ACTIVITY: Keeping every word the same, give again only the lines from the one with "Folding Beds Portable" through the end of the data, both included, and leave every picture out.

——

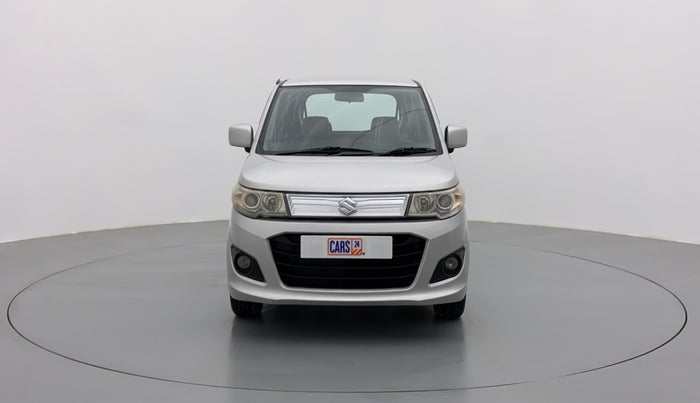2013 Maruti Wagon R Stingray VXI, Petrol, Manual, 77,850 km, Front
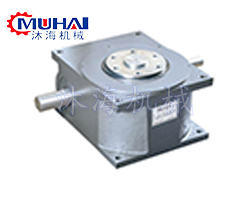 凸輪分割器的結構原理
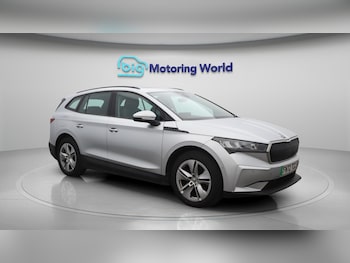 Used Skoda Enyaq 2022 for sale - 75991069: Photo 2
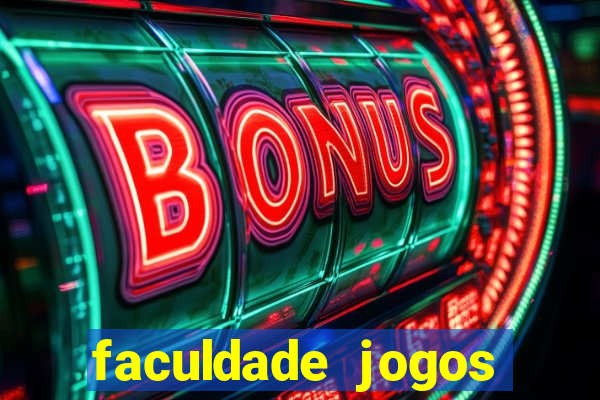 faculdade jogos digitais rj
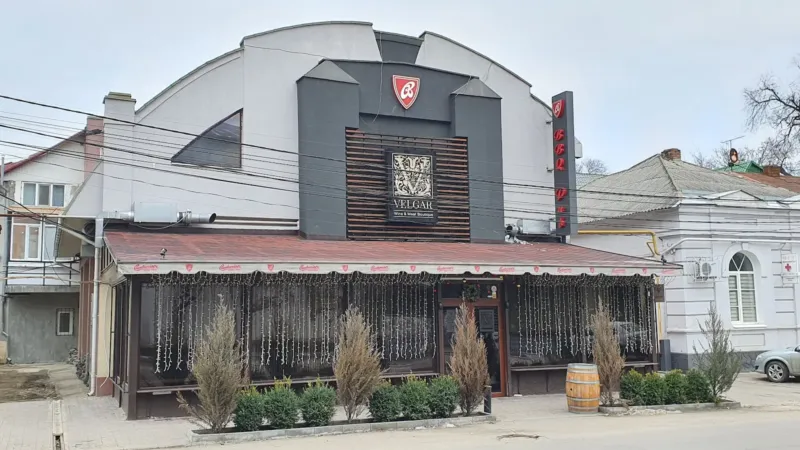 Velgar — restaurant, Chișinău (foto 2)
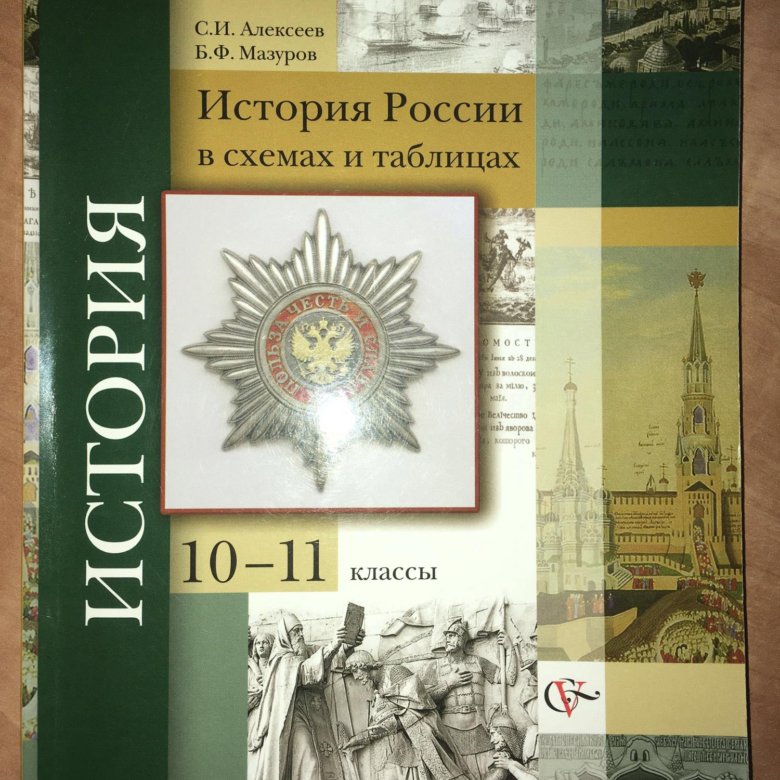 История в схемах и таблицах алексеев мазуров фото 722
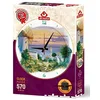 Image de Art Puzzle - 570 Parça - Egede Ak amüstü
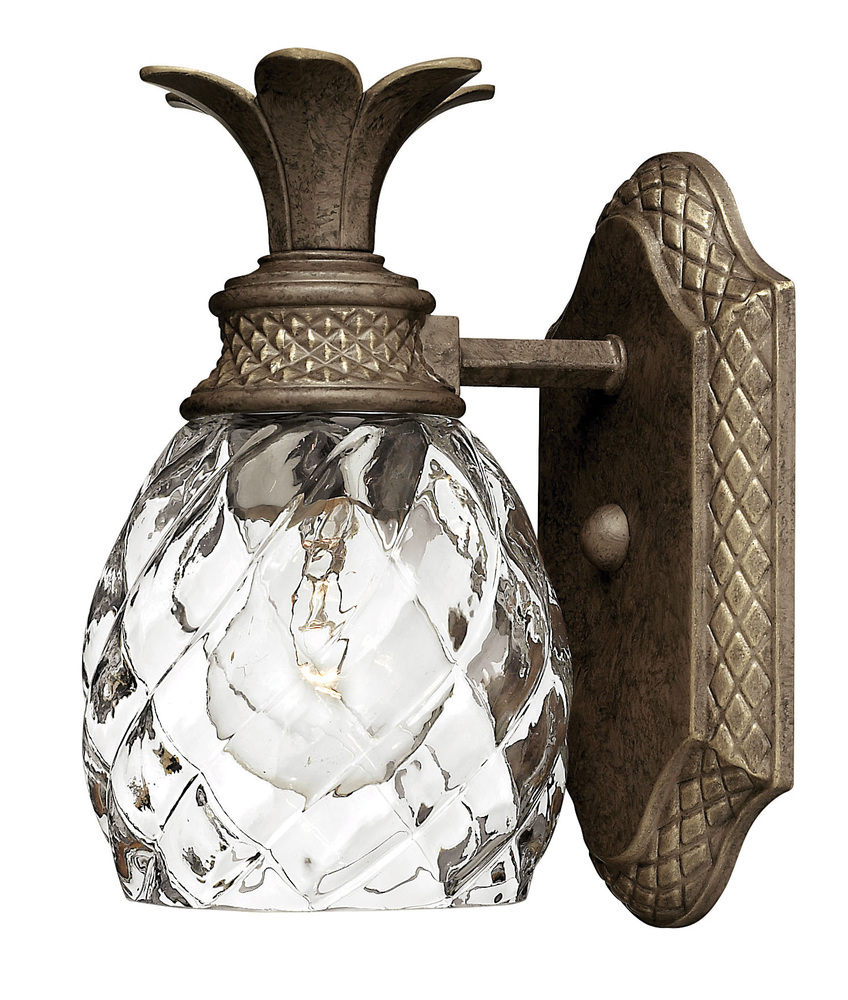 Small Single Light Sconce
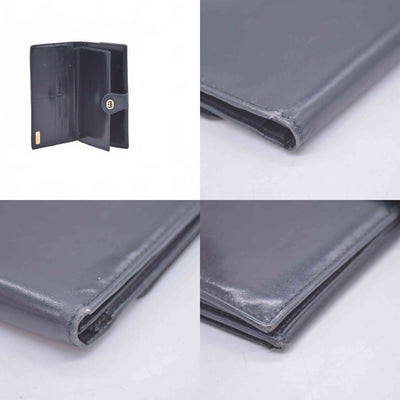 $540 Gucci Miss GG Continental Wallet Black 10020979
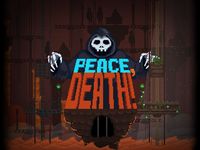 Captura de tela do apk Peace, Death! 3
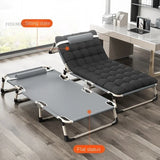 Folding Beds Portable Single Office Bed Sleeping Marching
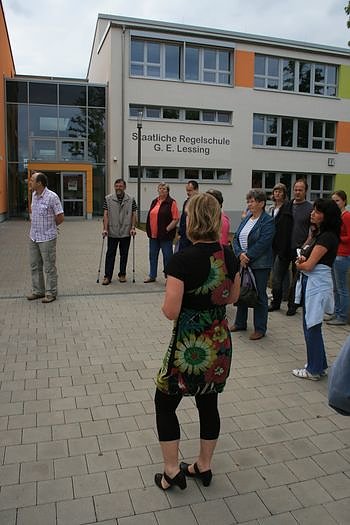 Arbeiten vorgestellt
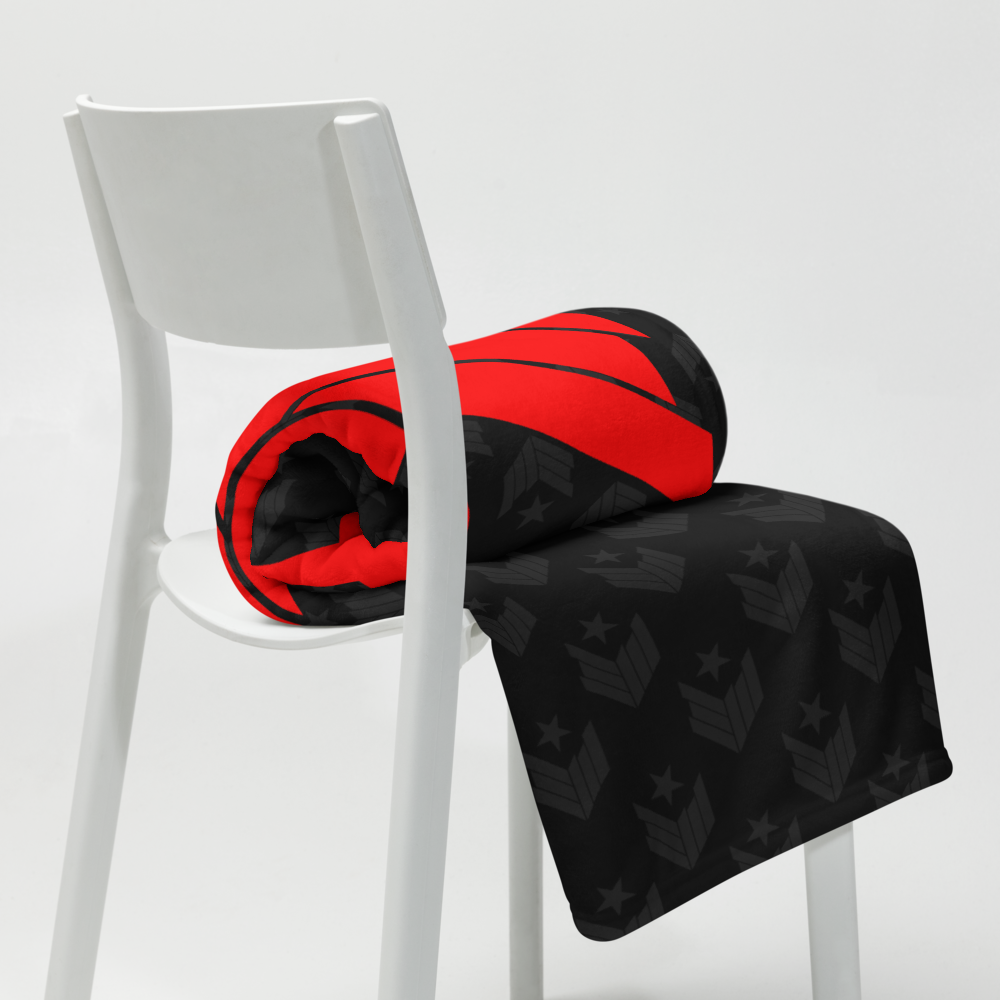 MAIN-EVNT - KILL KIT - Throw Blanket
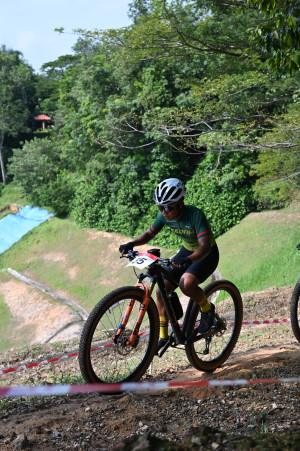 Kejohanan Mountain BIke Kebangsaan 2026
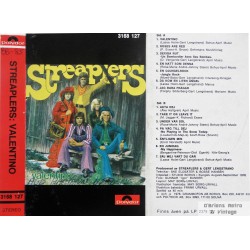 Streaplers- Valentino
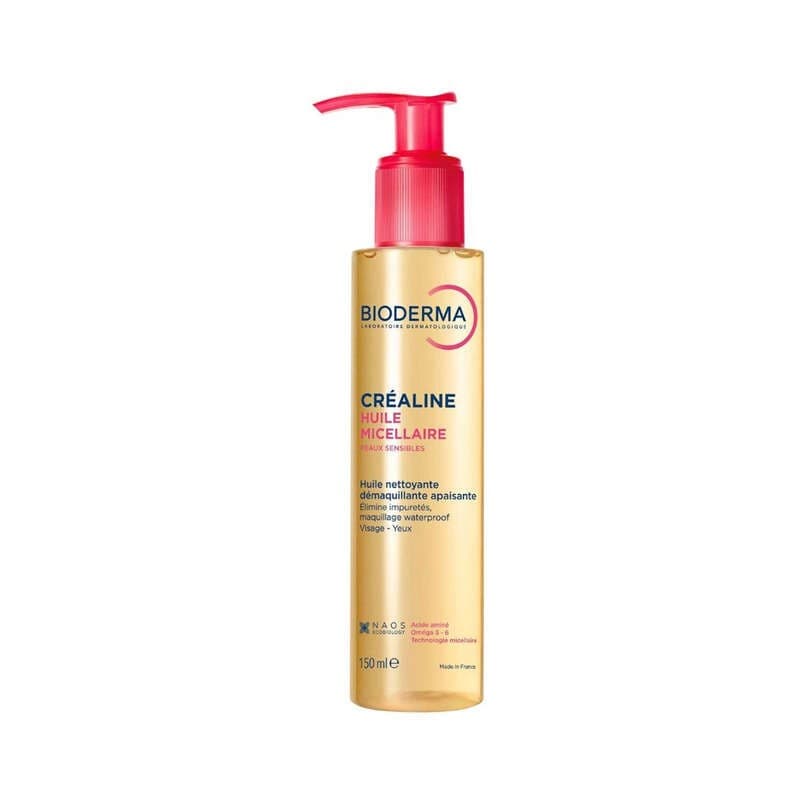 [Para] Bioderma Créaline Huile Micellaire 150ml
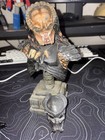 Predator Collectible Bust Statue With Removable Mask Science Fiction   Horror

——

ANSWER TO THIS EXERCISE:
 Folding Beds Portable Single Office Bed Sleeping Marching
 Arbeiten vorgestellt
 MAIN-EVNT - KILL KIT - Throw Blanket
 Kejohanan Mountain BIke Kebangsaan 2026
 Streaplers- Valentino
 [Para] Bioderma Créaline Huile Micellaire 150ml
 Predator Collectible Bust Statue With Removable Mask Science Fiction   Horror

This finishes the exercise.